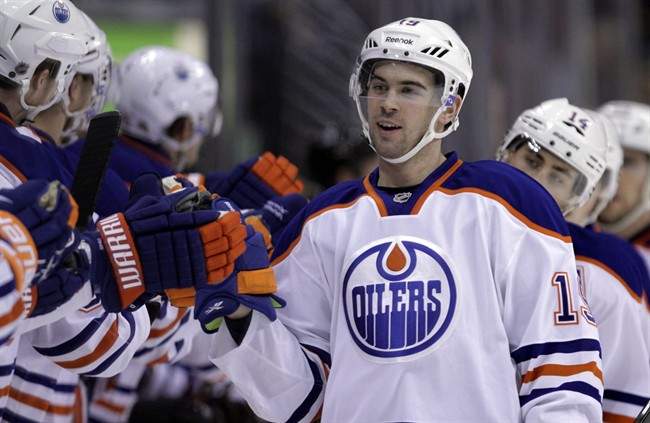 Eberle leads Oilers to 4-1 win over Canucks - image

■ ■ ■ ■ ■ ■ ■

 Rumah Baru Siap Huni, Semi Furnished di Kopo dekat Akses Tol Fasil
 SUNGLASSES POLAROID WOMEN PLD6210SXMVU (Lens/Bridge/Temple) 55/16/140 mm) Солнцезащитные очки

■ ■ ■ ■ ■ ■ ■

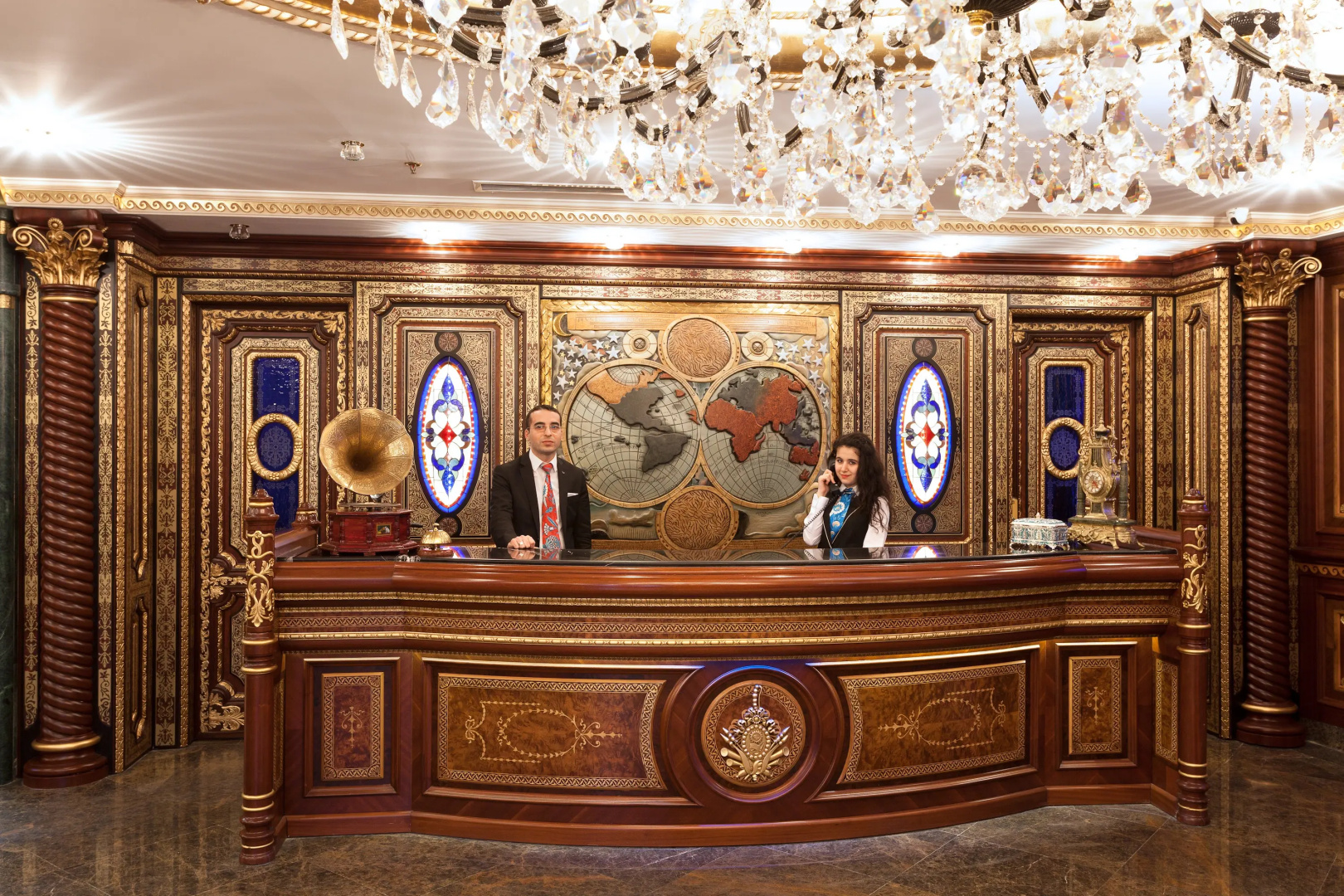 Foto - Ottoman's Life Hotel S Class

■ ■ ■ ■ ■ ■ ■

◆ **WORK TO BE COMPLETED**
Within the data above, the span starting at the line containing "Rumah Baru Siap" and ending at the line containing "SUNGLASSES POLAROID WOMEN" is to be retyped exactly, with no other lines.

◆ **EXERCISE RESPONSE**
 Rumah Baru Siap Huni, Semi Furnished di Kopo dekat Akses Tol Fasil
 SUNGLASSES POLAROID WOMEN PLD6210SXMVU (Lens/Bridge/Temple) 55/16/140 mm) Солнцезащитные очки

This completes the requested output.